# [Fixed] Issue with RAM slots



## Ririchi (Nov 7, 2019)

Update: Fixed!

Hi, so, I recently changed out my motherboard to an ASRock B450 Steel Legend.

I'm using 2x8 Corsair Vengeance RGB PRO, and tried to set its XMP profile, I hit a boot loop and thought that maybe the speed wasn't supported for the mobo/CPU? So, gradually, I lowered the speeds until I think it was 2400MHz and still, a boot loop (well, a few boots and then the BIOS boots with the default 2133MHz.) I didn't notice any performance hits, so I decided to kind of just ignored this for a bit (until I saw that my R5 1500x was way below average in benchmarks). Anyways; I noticed something odd today, and that was that my RAM had been installed in the 2 closer slots to the CPU, i.e the 1st and 3rd slots.

I've been looking on the internet, and have seen no mention of which slots are A1, A2, B1, B2 for this motherboard, and can't find any indicators on the motherboard itself.
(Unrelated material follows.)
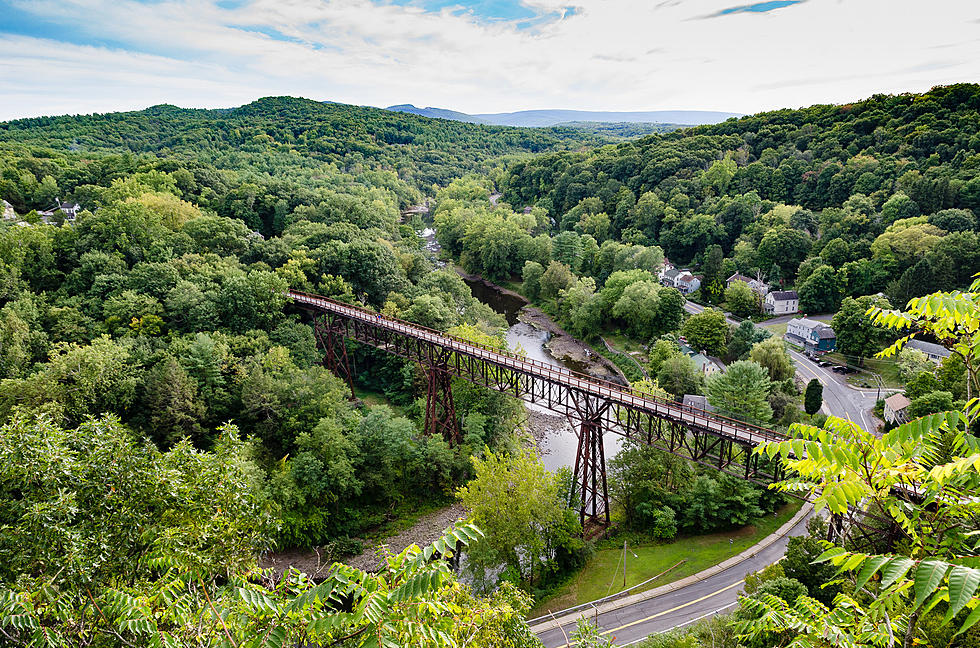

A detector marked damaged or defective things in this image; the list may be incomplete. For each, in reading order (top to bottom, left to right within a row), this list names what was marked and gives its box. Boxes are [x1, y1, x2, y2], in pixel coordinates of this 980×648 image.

rusty steel truss [290, 292, 788, 528]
ASRock says to install the RAM in A2 and B2, which according to logic, should be the 2nd and 4th slots.

So, I'm relatively sure my RAM was installed in the wrong slots, and this is why I can't go beyond 2133MHz? However, after getting my GPU stuck halfway in my pcie slot for almost an hour, I want to be sure before messing around with components again (tech-shop built PC, I installed the GPU.)
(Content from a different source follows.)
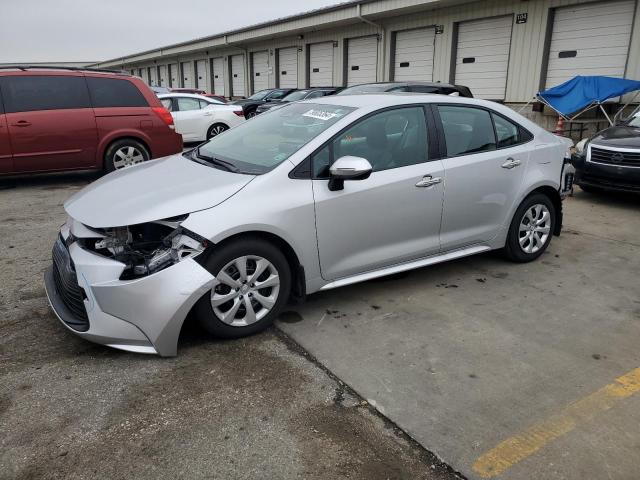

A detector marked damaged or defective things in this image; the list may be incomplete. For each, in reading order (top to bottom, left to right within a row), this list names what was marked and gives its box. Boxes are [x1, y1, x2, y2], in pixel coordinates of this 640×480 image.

damaged front bumper [44, 221, 218, 356]
exposed headlight housing [84, 216, 206, 280]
TL;DR: Which RAM slots are which on the B450 Steel Legend? Just A1, A2, B1, B2 left->right?


----------



## sneekypeet (Nov 7, 2019)

Manual says A2 and B2, which counting from the CPU to the right edge of the motherboard, is the second and fourth slot. 
Page #7 shows slot identification and page #22 shows where they go.


----------



## HD64G (Nov 7, 2019)

http://asrock.pc.cdn.bitgravity.com/Manual/B450%20Steel%20Legend.pdf
		


In the board's manual clearly says that for 2 dimms you have to install them at A2 and B2.

Tree'd


----------



## Ririchi (Nov 7, 2019)

sneekypeet said:


> Manual says A2 and B2, which counting from the CPU to the right edge of the motherboard, is the second and fourth slot.
> Page #7 shows slot identification and page #22 shows where they go.


Ah, yeah, my manual has the motherboard layout on page #1 and not page #7.

Thanks.



HD64G said:


> http://asrock.pc.cdn.bitgravity.com/Manual/B450%20Steel%20Legend.pdf
> 
> 
> 
> In the board's manual clearly says that for 2 dimms you have to install them at A2 and B2.


Yeah, I know, I was just confused as to which slot is which considering that a well-rated tech-shop was the one who installed the RAM.

I guess it should just be obvious that they go left->right starting with A1, but I figured it wouldn't hurt to validate it first.


----------



## Final_Fighter (Nov 7, 2019)

let us know if it fixes your problem. also, what is the model of ram you are using?


----------



## Ririchi (Nov 7, 2019)

Final_Fighter said:


> let us know if it fixes your problem. also, what is the model of ram you are using?



Model of RAM is in the post.

I opened up my case and switched the RAM over to A2 & B2, XMP booted first try, CPU-Z shows that the OC worked.


----------